AspectSpec-First (OpenAPI 3.1)Consumer-Driven (Pact)
Source of truthThe OpenAPI documentConsumer expectations
Who writes the contractProvider / API designerEach consumer
Verification directionServer matches specServer matches consumer pacts
Best forPublic APIs, many unknown consumersInternal microservices, known consumers
ToolingSchemathesis, Dredd, SpectralPact, Spring Cloud Contract
Breaking-change detectionDiff the specBroker can-i-deploy

Spec-first shines when you publish an API to consumers you do not control. The OpenAPI document is the contract, and your job is to prove the running service never violates it. That is exactly what this guide automates.


Writing an OpenAPI 3.1 Specification

Here is a focused OpenAPI 3.1 document for an orders API. Note the version pin, the JSON Schema 2020-12 features, and the inline examples.

openapi: 3.1.0
info:
  title: Orders API
  version: 1.2.0
  description: Create and retrieve customer orders.
servers:
  - url: https://api.example.com/v1
paths:
  /orders/{orderId}:
    get:
      operationId: getOrder
      summary: Fetch a single order
      parameters:
        - name: orderId
          in: path
          required: true
          schema:
            type: string
            format: uuid
      responses:
        '200':
          description: The requested order
          content:
            application/json:
              schema:
                $ref: '#/components/schemas/Order'
              examples:
                sample:
                  value:
                    id: 7c9e6679-7425-40de-944b-e07fc1f90ae7
                    status: shipped
                    total: 4999
                    note: null
        '404':
          description: Order not found
components:
  schemas:
    Order:
      type: object
      required: [id, status, total]
      properties:
        id:
          type: string
          format: uuid
        status:
          type: string
          enum: [pending, shipped, delivered, cancelled]
        total:
          type: integer
          minimum: 0
          description: Amount in minor units (cents)
        note:
          type: [string, "null"]
          description: 3.1 nullable via JSON Schema union type

Two 3.1-specific details are worth calling out. First, nullability is expressed as type: [string, "null"] — the old nullable: true keyword from 3.0 is gone. Second, the examples object under a media type is a map of named examples, each with a value. Tools can validate those example values against the Order schema, catching drift between docs and reality.
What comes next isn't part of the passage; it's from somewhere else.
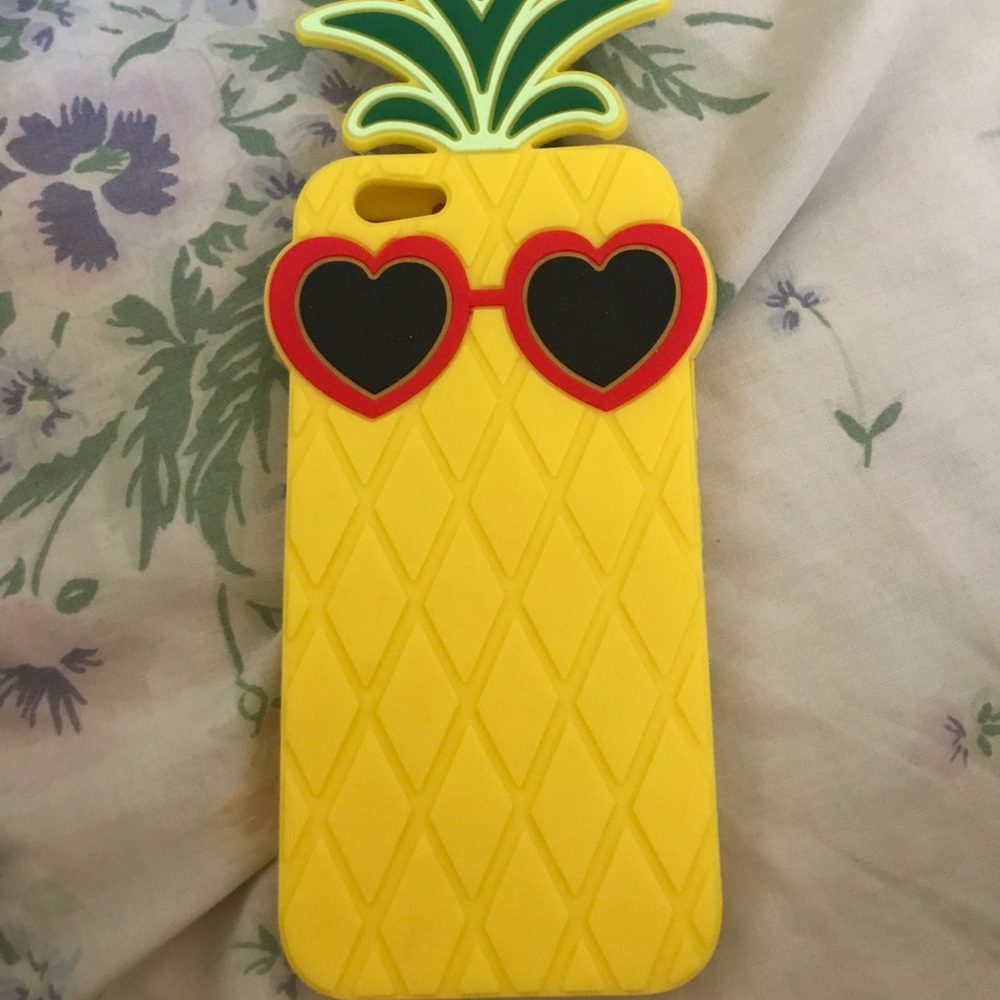 Pineapple case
Linting the Spec with Spectral

Before testing the running server, validate the document itself. Spectral is the de facto OpenAPI linter. Install it and run the built-in ruleset:

npm install -D @stoplight/spectral-cli
npx spectral lint openapi.yaml --ruleset spectral:oas

You can extend the default rules with a project ruleset, .spectral.yaml, to enforce house style such as requiring descriptions and operation IDs:

extends: ["spectral:oas"]
rules:
  operation-operationId: error
  operation-description: warn
  oas3-valid-media-example: error
  info-contact: off

The oas3-valid-media-example rule is the one that catches a malformed example before it ever reaches a consumer. Treat lint errors as a hard CI gate.


Validating Examples Against the Schema

Linting checks structure; openapi-examples-validator specifically proves that every example and examples.value in your document actually conforms to its declared schema. This is the cheapest, fastest contract check you can run.

npm install -D openapi-examples-validator
npx openapi-examples-validator openapi.yaml

If you change the Order schema to make total a string but forget to update the example, this tool fails immediately:

Error: #/paths/~1orders~1{orderId}/get/responses/200/...
  Schema validation error: /total must be string
1 invalid example(s) found.

Catching that locally costs milliseconds. Catching it after a consumer integrates costs a support ticket and a hotfix.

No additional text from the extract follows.